I am a beginner that's why I am confused.

Answer 1

We first evaluate the left operand g++ so g is now 84 but otherwise ignore the result. Then we evaluate the right operand ++g so g is now 85.

Here is the relevant sections of the specification:

The presence of a sequence point between the evaluation of expressions A and B implies that every value computation and side effect associated with A is sequenced before every value computation and side effect associated with B. (5.1.2.3)

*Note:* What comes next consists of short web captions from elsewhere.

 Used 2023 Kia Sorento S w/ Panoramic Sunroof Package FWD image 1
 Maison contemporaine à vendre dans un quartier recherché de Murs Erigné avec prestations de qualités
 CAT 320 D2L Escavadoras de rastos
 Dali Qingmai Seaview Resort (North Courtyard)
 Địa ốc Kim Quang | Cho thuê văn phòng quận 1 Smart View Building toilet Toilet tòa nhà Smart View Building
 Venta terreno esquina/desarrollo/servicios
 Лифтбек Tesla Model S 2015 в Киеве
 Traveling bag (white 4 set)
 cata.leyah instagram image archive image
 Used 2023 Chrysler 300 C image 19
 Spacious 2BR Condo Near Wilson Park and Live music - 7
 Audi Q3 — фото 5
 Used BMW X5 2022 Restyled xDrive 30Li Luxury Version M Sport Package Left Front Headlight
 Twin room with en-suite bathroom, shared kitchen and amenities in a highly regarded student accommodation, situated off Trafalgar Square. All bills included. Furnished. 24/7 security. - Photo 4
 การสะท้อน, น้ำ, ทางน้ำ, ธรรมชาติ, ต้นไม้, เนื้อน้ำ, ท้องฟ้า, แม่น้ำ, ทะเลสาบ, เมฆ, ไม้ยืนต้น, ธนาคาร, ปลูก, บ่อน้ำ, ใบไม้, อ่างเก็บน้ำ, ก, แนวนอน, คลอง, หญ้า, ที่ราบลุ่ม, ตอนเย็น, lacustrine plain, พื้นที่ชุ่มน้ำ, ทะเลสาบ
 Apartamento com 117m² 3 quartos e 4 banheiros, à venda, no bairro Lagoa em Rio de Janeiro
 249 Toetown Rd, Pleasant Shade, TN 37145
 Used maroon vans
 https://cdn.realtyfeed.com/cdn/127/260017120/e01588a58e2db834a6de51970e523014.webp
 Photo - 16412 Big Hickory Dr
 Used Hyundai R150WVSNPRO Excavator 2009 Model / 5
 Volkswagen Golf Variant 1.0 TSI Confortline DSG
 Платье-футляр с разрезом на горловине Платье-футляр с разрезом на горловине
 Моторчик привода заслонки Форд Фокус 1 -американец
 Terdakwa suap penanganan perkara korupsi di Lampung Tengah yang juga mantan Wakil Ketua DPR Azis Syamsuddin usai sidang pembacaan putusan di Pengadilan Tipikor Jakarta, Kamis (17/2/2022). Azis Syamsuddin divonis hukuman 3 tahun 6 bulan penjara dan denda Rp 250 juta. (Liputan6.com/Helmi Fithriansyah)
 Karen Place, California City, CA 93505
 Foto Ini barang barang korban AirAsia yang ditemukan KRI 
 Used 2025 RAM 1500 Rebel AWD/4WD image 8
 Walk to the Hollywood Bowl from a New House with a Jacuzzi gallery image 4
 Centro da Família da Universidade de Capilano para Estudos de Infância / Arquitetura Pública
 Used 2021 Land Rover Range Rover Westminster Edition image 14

The left operand of a comma operator is evaluated as a void expression; there is a sequence point between its evaluation and that of the right operand. Then the right operand is evaluated; the result has its type and value. (6.5.17)

Answer 2

g++ will increment g after ;

No, it will increment g before ++g. , is a sequence operator. See the example here.

Answer 3

This is an example of the comma operator in C, not to be confused with commas used in argument lists.

The comma operator first evaluates its left operand for side effects (throwing away the resulting value), and then evaluates its right operand. All side effects in that left operand will be sequenced-before all side effects and reads in the right operand.

So g++ will increment g, and then ++g wil increment g again and give the value after this second increment.